Doubtful Reference to cohors Sebastenorum

(0131) Text: […] | Arr[untianus] | tess(erarius) f[actus] | coh(orte) V [Gemella or “Augusta”] | c(ivium) R(omanorum) [“Sebastenorum” …] | per C(aium) […] | Sabin[um …]

Translation: […] Arruntianus made tessarius of cohors V Gemella c.R. […] by Gaius […] Sabinus […] (Trans. Christopher B. Zeichmann)
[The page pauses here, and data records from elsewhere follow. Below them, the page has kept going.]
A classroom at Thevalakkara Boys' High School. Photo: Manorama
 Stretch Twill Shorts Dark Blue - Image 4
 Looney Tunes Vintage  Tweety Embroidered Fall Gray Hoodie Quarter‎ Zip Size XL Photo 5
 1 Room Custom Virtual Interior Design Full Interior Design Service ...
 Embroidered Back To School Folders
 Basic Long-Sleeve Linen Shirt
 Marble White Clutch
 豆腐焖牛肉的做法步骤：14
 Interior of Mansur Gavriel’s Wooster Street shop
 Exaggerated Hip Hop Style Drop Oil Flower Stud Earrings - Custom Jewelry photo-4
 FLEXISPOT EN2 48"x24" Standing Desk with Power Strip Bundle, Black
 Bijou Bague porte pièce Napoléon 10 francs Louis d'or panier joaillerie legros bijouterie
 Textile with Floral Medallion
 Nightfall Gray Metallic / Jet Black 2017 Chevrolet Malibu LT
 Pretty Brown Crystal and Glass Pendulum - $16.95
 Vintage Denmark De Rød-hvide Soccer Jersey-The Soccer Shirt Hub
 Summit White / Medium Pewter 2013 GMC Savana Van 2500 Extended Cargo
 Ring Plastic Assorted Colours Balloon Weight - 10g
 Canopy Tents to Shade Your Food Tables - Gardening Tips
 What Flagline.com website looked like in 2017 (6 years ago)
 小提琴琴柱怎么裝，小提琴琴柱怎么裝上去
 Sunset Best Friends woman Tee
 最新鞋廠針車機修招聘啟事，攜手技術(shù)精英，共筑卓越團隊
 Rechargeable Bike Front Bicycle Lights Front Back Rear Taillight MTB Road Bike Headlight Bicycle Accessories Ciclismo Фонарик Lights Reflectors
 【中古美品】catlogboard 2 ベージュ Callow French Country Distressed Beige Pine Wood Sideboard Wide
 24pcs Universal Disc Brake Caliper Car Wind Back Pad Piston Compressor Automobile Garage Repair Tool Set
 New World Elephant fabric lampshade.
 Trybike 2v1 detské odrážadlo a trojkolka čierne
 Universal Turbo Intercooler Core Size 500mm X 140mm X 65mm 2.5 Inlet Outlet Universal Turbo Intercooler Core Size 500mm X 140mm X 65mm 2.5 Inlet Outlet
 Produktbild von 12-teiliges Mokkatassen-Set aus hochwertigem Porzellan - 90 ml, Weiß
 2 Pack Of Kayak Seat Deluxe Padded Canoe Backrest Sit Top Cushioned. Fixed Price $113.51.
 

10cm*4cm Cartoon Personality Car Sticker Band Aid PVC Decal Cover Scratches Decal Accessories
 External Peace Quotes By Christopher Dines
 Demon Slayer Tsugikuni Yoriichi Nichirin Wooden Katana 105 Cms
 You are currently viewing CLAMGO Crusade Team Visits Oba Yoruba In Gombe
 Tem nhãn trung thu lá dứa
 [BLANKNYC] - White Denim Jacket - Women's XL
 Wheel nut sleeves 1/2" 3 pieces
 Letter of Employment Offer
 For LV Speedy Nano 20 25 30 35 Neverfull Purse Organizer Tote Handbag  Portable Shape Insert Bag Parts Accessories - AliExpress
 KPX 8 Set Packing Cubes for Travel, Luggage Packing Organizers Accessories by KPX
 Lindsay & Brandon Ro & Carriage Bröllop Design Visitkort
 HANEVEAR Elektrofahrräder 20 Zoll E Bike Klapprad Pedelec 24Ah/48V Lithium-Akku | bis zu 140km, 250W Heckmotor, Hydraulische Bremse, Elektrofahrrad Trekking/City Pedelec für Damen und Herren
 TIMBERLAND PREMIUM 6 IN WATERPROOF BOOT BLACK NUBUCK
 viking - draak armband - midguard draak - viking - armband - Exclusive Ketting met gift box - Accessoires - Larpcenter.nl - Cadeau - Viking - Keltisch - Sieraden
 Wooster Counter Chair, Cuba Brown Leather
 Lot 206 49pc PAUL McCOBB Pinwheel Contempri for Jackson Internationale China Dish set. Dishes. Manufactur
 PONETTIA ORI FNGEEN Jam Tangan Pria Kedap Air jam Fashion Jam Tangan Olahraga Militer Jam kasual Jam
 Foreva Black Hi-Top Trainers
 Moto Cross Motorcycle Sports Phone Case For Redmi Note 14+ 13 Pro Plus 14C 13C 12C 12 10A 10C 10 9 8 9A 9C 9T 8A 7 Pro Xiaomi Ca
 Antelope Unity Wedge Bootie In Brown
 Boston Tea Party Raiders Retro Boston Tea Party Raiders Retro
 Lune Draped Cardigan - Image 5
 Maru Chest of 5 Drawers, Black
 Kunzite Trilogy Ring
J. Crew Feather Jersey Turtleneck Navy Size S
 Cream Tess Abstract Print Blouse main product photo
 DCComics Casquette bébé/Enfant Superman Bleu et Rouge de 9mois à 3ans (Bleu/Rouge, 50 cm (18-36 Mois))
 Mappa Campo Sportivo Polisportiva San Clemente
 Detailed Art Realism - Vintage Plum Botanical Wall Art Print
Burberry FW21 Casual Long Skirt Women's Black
Commentary: “Sebastenorum” is an entirely conjectural emendation and not generally accepted; more likely is cohors V Gemella c.R. Cohors V Gemella c.R. is well attested in military diplomas beginning 139 CE (§§211224).  Arruntianus is an Etruscan name (see Gracey). Regardless, this inscription comes from after the period of interest.

Provenience: Sebaste, Syria Palaestina 150-200 CE

Bibliography: AE 1948.150; M. Avi-Yonah, “Newly Discovered Latin and Greek Inscriptions,” Quarterly Department of Antiquities of Palestine 12 (1946): no. 11; M. H. Gracey, “The Roman Army in Syria, Judaea and Arabia” (D.Phil. thesis, Oxford University, 1981), 256; Michael P. Speidel, “The Roman Army in Judaea under the Procurators: The Italian and the Augustan Cohort in the Acts of the Apostles,” Ancient Society 13-14 (1982-83): 234 n. 4; James Russell, “A Roman Military Diploma from Rough Cilicia,” Bonner Jahrbücher 195 (1995): 94; Werner Eck, “Zu Militärinschriften im römischen Iudaea: Epigraphische Vorarbeiten zum CIIP,” Zeitschrift für Papyrologie und Epigraphik 197 (2016): 235-236.